January 30, 2019 // 12:30 p.m.
Platform(s): PC (Windows), PS4
Version reviewed: PC
Credit where it’s due to The Hong Kong Massacre for not beating about the bush with its premise. Or anything else, for that matter. Even the title is Ronseal-approved, summarising the entire game in one simple if rather alarming line.
This is, essentially, Hotline Miami by way of Hard Boiled, a game of breaking into buildings and blasting everyone inside with whatever weapon comes to hand. One shot kills anything, including you, so you need to be simultaneously a crack shot and a slippery target.
The Hong Kong Massacre differs in one significant aspect to Hotline Miami, however, and, well, it’s a weird one. It’s a difference that is both essential to the game and the source of its most damaging flaw.

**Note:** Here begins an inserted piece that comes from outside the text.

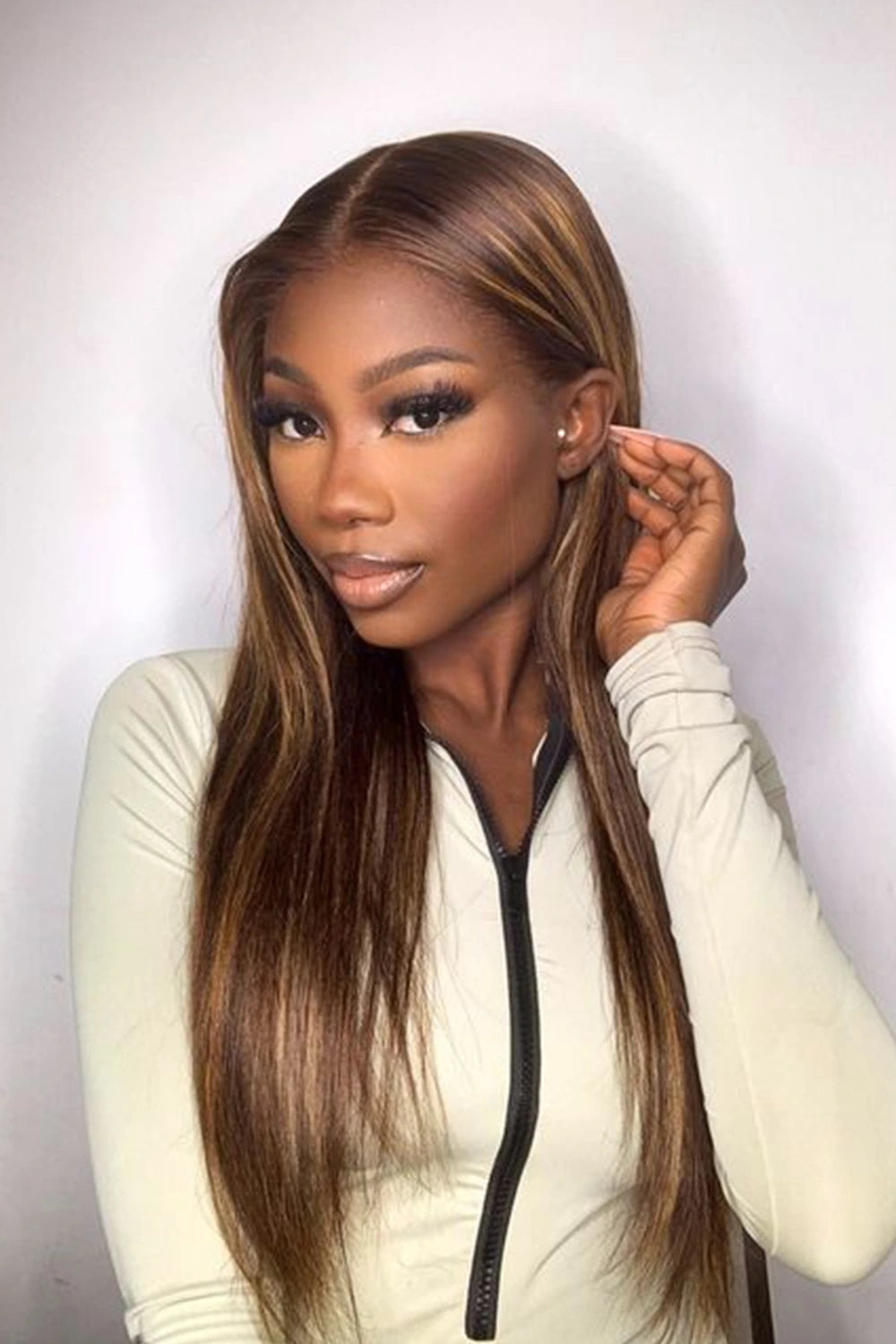 A model is showing off ygwigs' 5x5 HD lace closure brown with blonde highlights wig 1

Ooh, suspense. Before we get into that, however, let’s briefly go over what The Hong Kong Massacre is about. It’s killing people. That’s what it’s about. Just flat out murdering dudes for fun.

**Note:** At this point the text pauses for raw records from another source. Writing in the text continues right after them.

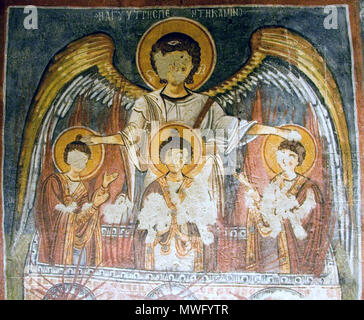. Inglese: affresco dell arcangelo Michele proteggere Hananiah, Mishael e Azaria nel fuoco. Chiesa Oscura, Cappadocia. Русский: Три отрока в пещи огненной. tra il secolo XII e il XIII secolo. Anonimo; Foto di utente:Shakko, Gennaio 2008 414 Michael capp Foto Stock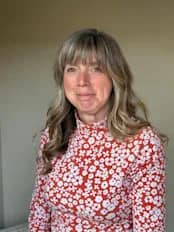 Paula Fowle has long light brown hair and is wearing a white dress with brown flowers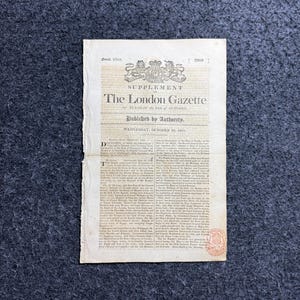 May include: A vintage paper supplement to The London Gazette, dated Wednesday, October 16, 1811. The document features a royal crest at the top, printed text in columns, and a small red circular stamp in the bottom right corner on aged paper.
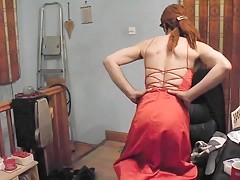 Crossdressing in a sexy red prom dress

Alright, alright. Somewhere amidst all the blood and bullets is a tale of vengeance. But I’m going to be honest, I have no idea what the specifics are. This isn’t entirely my fault, because the game doesn’t seem to care much about its own story either. I do know that it starts at the end, with your character being interviewed by a police detective, and then works through the events of the preceding four days, each of which constitutes a chapter of the game.
The writing is utterly terrible, with characters talking to one another like anthropomorphic plot devices. 'Okay, let’s move onto the next plot point.' 'Yes, let us do that please.' You might think this is an irrelevant criticism given the nature of the game, but it’s worth remembering that the original Hotline Miami had an intriguing approach to storytelling. The Hong Kong Massacre, on the other hand, does not.
What it does have is action by the bucket and style to go with it. Like Hard Boiled, The Hong Kong Massacre presents a highly exaggerated interpretation of what happens when a bullet strikes an object. During a THKM gunfight, windows shatter in showers of glass, while wooden objects like doors and wall-panels practically vomit-out splinters. Hitting an enemy causes them to almost burst like a blood-filled balloon, and basically everything emits sparks even if it’s not made of metal.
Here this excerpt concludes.